Instructions to follow |
Starting at the line that contains "Forty West Barton" in the listing below, write out every line word for word until you have written the line that contains "Cryptocurrency payment network".

=== Section Start ===

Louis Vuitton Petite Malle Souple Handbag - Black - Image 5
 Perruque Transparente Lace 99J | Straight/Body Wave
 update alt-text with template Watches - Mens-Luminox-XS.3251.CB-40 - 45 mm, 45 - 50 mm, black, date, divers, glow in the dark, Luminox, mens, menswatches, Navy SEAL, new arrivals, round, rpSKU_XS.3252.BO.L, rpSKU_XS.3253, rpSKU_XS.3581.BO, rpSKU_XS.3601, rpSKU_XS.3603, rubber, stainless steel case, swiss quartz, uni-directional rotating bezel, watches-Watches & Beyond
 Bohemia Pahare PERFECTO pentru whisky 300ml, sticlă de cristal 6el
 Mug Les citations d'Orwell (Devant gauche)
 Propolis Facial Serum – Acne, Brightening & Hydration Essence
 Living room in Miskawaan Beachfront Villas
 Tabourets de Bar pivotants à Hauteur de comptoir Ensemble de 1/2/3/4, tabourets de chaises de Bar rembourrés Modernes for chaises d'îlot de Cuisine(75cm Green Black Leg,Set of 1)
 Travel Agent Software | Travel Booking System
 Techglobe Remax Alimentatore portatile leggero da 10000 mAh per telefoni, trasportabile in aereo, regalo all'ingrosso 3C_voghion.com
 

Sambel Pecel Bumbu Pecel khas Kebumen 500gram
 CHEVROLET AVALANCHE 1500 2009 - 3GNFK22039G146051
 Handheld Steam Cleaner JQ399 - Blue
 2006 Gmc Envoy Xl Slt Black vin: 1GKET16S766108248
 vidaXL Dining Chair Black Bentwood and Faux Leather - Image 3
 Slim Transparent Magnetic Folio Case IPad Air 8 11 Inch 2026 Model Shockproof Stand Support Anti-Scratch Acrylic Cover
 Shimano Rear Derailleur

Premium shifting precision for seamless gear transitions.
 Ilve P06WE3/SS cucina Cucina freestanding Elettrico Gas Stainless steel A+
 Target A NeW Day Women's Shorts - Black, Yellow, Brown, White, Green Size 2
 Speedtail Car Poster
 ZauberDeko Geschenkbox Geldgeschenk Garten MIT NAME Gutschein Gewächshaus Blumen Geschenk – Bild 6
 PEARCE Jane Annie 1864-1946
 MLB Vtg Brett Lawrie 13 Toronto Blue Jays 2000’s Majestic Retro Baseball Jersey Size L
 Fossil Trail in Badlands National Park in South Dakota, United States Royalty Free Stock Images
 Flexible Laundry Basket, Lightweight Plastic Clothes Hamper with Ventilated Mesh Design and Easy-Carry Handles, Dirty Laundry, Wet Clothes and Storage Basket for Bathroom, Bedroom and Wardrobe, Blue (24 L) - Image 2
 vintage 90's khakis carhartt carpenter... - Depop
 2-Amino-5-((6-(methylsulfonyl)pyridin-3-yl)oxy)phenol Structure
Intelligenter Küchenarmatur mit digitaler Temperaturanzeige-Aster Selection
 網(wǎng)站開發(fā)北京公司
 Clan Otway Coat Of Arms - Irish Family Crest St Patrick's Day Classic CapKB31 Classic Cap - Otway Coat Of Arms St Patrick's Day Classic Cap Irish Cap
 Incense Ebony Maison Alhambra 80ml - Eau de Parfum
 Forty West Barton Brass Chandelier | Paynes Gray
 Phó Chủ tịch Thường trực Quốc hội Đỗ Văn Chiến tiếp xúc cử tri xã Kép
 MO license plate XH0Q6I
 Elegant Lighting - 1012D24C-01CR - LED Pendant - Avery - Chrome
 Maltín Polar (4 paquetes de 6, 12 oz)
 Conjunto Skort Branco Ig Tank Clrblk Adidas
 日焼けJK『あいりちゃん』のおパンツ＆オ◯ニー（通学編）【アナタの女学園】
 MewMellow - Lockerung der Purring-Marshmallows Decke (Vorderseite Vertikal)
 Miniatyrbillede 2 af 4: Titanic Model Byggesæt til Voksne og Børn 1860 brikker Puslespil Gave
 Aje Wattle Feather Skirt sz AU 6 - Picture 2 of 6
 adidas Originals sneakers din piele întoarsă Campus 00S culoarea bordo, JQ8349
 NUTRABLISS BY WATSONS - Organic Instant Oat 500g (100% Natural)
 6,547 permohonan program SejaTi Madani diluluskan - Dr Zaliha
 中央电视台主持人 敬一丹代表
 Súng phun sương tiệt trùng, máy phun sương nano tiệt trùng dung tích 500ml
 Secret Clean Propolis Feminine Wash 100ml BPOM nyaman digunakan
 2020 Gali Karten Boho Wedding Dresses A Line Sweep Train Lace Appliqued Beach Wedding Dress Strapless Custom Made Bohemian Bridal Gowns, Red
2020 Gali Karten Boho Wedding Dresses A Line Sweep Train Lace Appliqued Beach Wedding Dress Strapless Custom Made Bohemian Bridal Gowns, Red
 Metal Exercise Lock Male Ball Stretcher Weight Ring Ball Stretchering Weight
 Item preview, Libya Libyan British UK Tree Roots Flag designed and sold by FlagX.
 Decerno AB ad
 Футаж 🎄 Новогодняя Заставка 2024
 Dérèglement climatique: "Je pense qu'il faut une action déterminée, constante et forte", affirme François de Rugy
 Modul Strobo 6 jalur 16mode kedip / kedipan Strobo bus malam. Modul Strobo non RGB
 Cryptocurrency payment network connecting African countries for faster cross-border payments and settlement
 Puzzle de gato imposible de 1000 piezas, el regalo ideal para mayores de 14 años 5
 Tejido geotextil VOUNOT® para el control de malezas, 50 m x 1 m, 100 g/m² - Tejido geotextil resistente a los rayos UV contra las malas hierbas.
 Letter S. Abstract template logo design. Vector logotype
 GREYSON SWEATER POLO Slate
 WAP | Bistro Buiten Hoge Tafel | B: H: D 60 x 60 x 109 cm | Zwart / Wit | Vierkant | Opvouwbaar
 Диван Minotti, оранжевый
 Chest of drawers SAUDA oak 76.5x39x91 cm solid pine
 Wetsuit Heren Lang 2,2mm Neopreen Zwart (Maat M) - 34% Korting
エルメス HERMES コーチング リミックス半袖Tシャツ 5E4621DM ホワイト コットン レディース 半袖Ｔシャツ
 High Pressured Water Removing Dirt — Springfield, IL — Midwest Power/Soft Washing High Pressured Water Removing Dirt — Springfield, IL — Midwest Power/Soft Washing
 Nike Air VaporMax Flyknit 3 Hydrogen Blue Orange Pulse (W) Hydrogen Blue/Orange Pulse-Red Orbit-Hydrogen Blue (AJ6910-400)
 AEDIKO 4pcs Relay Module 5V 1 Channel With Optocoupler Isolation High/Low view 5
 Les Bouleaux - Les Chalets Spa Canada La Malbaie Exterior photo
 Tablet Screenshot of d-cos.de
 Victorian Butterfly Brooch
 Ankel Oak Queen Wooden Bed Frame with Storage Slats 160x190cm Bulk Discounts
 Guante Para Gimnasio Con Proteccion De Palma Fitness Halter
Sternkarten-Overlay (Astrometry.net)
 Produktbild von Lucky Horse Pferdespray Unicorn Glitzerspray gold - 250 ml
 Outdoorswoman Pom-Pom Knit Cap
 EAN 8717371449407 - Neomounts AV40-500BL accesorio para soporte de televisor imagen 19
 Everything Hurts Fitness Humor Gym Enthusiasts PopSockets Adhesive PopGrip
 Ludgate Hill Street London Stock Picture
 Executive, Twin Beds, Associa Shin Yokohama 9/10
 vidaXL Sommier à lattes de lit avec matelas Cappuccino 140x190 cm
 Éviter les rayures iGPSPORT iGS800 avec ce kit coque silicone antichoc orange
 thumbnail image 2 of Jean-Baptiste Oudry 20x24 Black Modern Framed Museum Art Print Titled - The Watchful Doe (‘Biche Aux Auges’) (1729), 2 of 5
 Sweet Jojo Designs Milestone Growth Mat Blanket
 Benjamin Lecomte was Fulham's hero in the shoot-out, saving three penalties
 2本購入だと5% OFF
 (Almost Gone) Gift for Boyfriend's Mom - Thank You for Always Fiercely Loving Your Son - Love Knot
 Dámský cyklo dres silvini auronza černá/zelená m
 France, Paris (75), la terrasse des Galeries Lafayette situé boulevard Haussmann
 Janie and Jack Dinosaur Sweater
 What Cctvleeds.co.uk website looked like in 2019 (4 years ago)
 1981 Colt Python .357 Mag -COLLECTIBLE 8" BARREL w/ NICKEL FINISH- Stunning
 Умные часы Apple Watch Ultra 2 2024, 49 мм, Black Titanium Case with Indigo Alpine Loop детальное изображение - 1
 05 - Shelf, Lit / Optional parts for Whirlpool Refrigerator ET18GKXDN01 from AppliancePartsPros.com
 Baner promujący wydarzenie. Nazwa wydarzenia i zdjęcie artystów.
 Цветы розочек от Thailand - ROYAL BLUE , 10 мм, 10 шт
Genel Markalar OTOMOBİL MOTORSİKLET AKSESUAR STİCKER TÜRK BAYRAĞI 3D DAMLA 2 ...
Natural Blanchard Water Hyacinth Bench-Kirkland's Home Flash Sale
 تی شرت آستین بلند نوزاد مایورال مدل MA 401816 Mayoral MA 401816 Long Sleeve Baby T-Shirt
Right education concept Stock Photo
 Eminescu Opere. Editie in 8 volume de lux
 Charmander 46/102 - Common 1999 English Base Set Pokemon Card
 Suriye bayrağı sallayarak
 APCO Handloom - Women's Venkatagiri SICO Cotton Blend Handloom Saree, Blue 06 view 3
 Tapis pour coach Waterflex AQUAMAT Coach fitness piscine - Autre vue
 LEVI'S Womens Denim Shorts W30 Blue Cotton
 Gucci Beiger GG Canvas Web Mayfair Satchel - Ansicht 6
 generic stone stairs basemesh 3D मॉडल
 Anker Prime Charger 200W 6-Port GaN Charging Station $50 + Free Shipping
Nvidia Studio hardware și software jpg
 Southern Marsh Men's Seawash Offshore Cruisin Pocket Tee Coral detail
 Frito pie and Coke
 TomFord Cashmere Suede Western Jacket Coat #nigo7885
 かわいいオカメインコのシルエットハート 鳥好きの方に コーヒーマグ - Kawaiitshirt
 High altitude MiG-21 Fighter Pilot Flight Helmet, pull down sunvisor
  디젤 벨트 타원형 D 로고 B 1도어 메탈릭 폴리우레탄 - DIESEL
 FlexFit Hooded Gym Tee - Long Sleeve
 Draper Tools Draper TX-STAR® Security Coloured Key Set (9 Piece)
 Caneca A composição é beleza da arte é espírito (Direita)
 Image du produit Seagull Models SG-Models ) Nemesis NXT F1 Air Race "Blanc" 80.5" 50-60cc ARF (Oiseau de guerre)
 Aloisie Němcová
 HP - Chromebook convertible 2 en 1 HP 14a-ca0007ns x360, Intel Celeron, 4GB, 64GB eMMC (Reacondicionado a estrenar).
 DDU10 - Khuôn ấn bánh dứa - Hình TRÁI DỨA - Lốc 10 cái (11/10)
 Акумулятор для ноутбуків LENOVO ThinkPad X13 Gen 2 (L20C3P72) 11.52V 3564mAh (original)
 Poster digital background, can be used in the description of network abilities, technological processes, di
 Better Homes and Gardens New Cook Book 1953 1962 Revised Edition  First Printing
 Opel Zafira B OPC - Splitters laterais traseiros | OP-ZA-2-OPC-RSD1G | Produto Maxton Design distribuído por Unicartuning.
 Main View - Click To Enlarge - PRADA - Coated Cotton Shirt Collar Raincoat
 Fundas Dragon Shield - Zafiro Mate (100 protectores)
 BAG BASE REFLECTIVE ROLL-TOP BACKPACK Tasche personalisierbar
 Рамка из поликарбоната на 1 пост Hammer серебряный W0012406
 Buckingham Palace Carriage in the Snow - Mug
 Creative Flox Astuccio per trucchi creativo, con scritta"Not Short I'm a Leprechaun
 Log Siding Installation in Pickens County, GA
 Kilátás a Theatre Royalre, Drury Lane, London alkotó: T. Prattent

=== Section End ===

Solution |
 Forty West Barton Brass Chandelier | Paynes Gray
 Phó Chủ tịch Thường trực Quốc hội Đỗ Văn Chiến tiếp xúc cử tri xã Kép
 MO license plate XH0Q6I
 Elegant Lighting - 1012D24C-01CR - LED Pendant - Avery - Chrome
 Maltín Polar (4 paquetes de 6, 12 oz)
 Conjunto Skort Branco Ig Tank Clrblk Adidas
 日焼けJK『あいりちゃん』のおパンツ＆オ◯ニー（通学編）【アナタの女学園】
 MewMellow - Lockerung der Purring-Marshmallows Decke (Vorderseite Vertikal)
 Miniatyrbillede 2 af 4: Titanic Model Byggesæt til Voksne og Børn 1860 brikker Puslespil Gave
 Aje Wattle Feather Skirt sz AU 6 - Picture 2 of 6
 adidas Originals sneakers din piele întoarsă Campus 00S culoarea bordo, JQ8349
 NUTRABLISS BY WATSONS - Organic Instant Oat 500g (100% Natural)
 6,547 permohonan program SejaTi Madani diluluskan - Dr Zaliha
 中央电视台主持人 敬一丹代表
 Súng phun sương tiệt trùng, máy phun sương nano tiệt trùng dung tích 500ml
 Secret Clean Propolis Feminine Wash 100ml BPOM nyaman digunakan
 2020 Gali Karten Boho Wedding Dresses A Line Sweep Train Lace Appliqued Beach Wedding Dress Strapless Custom Made Bohemian Bridal Gowns, Red
2020 Gali Karten Boho Wedding Dresses A Line Sweep Train Lace Appliqued Beach Wedding Dress Strapless Custom Made Bohemian Bridal Gowns, Red
 Metal Exercise Lock Male Ball Stretcher Weight Ring Ball Stretchering Weight
 Item preview, Libya Libyan British UK Tree Roots Flag designed and sold by FlagX.
 Decerno AB ad
 Футаж 🎄 Новогодняя Заставка 2024
 Dérèglement climatique: "Je pense qu'il faut une action déterminée, constante et forte", affirme François de Rugy
 Modul Strobo 6 jalur 16mode kedip / kedipan Strobo bus malam. Modul Strobo non RGB
 Cryptocurrency payment network connecting African countries for faster cross-border payments and settlement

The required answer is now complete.